Instructions for the task: The lines to be extracted begin at the line containing "Three Stages Of" and end at the last line of the data below; copy them exactly and leave out the pictures.

Supplied information:
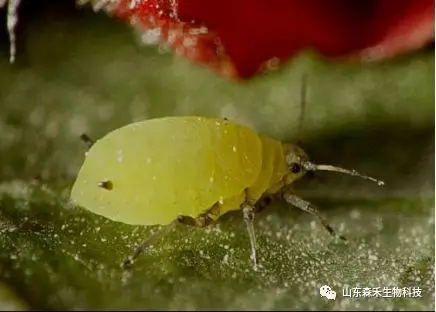 1553129942520684.png 1553129942520684.png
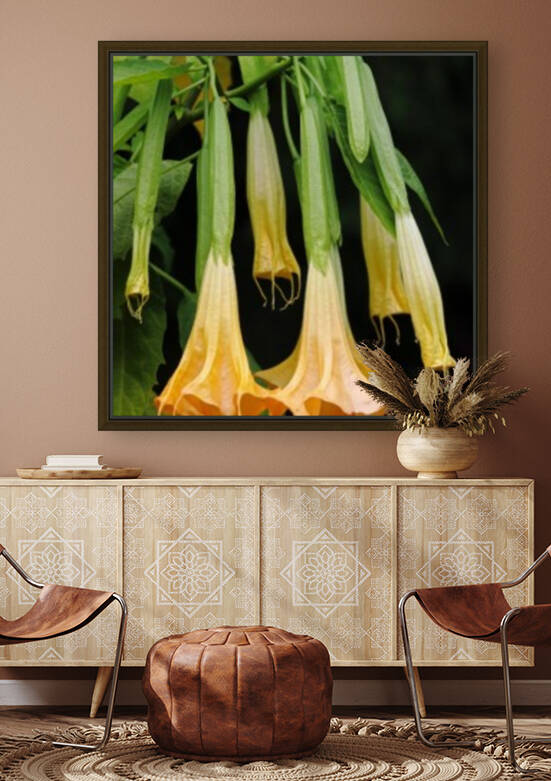 Three Stages Of Trumpet Blooms by Deb Oppermann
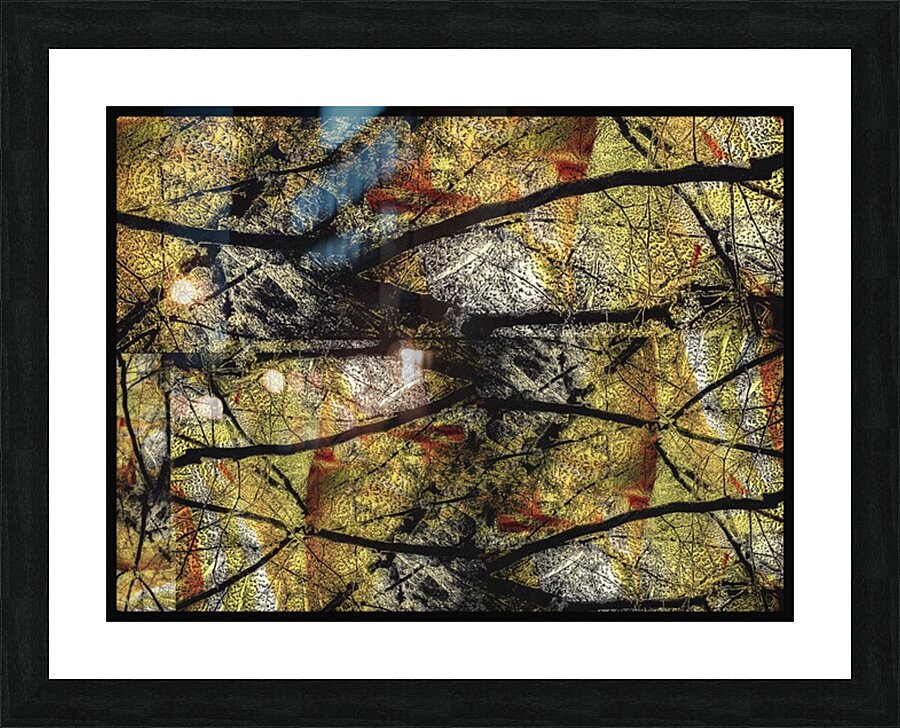 V1503 Picture Frame print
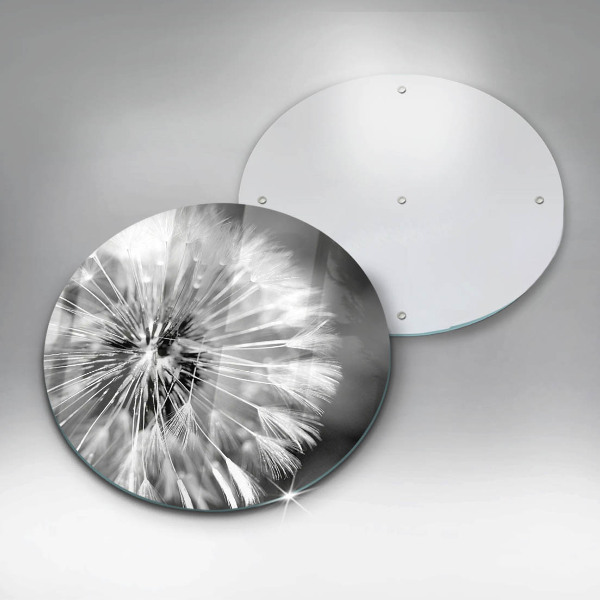 Skleněná deska do kuchyně Jemná pampeliška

Exercise response:
 Three Stages Of Trumpet Blooms by Deb Oppermann
 V1503 Picture Frame print
 Skleněná deska do kuchyně Jemná pampeliška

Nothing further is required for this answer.